Les critères pris en compte sont :

  • la durabilité
  • le coût du maintien, de sa ré-hausse…
  • son efficacité future en tenant compte du contexte de changement climatique et de la ré-hausse du niveau marin
  • l’analyse des enjeux liés à l’ouvrage

L’ensemble des ouvrages a été déclaré non pérenne sur l’agglomération de Saint-Brieuc, sauf les digues des Rosaires à Plérin, de Pissoison et des Grèves à Langueux.
L’avant-port de Binic pourra être déclaré pérenne sous conditions.
Le port du Légué est pour l’instant classé en zone blanche car il relève de la propriété de la région Bretagne, qui doit se prononcer sur le gestion des ports bretons qui relèvent de sa responsabilité.  
La non-pérennité d’un ouvrage n’implique pas sa destruction. Les gestions actuelles et futures seront réfléchies dans le cadre de la Stratégie Littorale qui sera élaborée par l’Agglomération. 

PPRLI signifie Plan de Prévention des Risques Littoraux et d’Inondations. 
Approuvé par l’État, ce plan constitue l’un des principaux outils de prévention du risque d’inondation.
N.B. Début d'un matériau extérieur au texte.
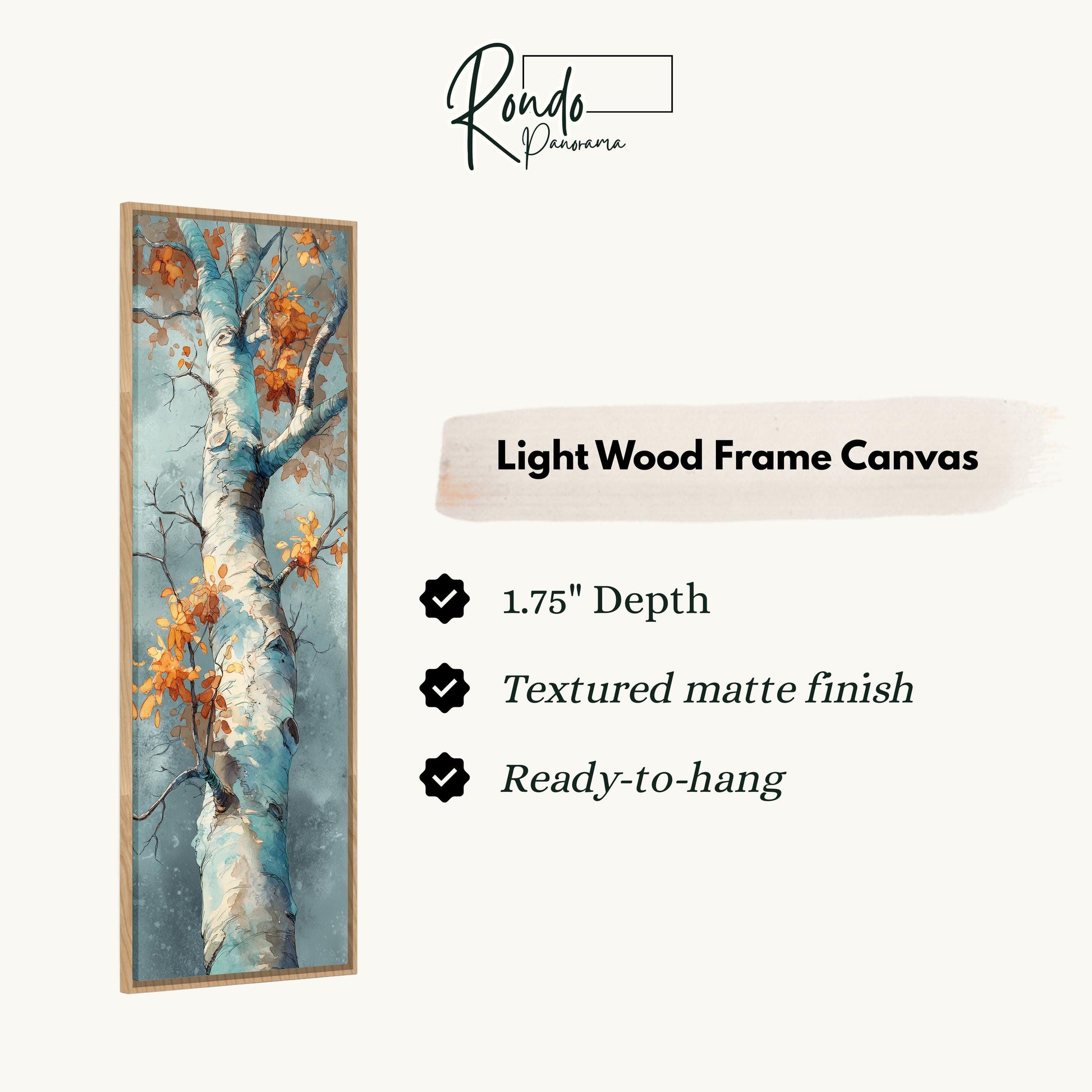 The image is a vertical painting of a tree with orange leaves, displayed on a light wood frame.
Ils ont pour objectif principal de réglementer le développement de l’urbanisation dans les zones à risque.
Sur Saint-Brieuc Armor Agglomération, les communes d’Hillion, La Méaugon, Langueux, Plérin, Ploufragan, Saint-Brieuc, Trémuson et Yffiniac ont un PPRLI depuis 2016.

La Loi Climat et Résilience, de 2021, introduit (entre autres) des dispositions urbanistiques afin de prendre en compte le recul du trait de côte sur les communes sensibles à l’érosion côtière.
Les décrets issus de cette loi mettent régulièrement à jour la liste des communes qui doivent réaliser une cartographie d’évolution du trait de côte à 30 ans et à 100 ans. 

Le porter à connaissance concerne les cartes de travail qui ont été réalisées dans le cadre de l’étude du recul du trait de côté, qui ne sont pas encore approuvées par le Conseil d’agglomération, ne sont pas encore intégrées au Plan Local d’Urbanisme Intercommunal mais font état d’un risque identifié. 
Dès lors que ces cartes sont connues des communes, ces dernières peuvent appliquer le R.111-2 du code de l’urbanisme et refuser une autorisation d’urbanisme sur la base d’un risque connu.

Saint-Brieuc Armor Agglomération va engager l'élaboration d'une stratégie de gestion intégrée du trait de côte. Elle donnera lieu à un plan d'actions défini au regard des enjeux sociaux, environnementaux et budgétaires. 

L’élaboration de ces cartes a permis aux communes et à l’agglomération d’évaluer l’impact du phénomène de recul de trait de côte sur les communes du littoral. 
Le 18 décembre 2025, le conseil d’agglomération a voté en faveur de l’élaboration d’une stratégie qui va définir les principes d’action et sera assortie d’un plan d’actions. Cette stratégie va donc être élaborée sur l’année 2027. 
Une révision du PLUI permettra d'intégrer les cartes dans ce document d’urbanisme intercommunal.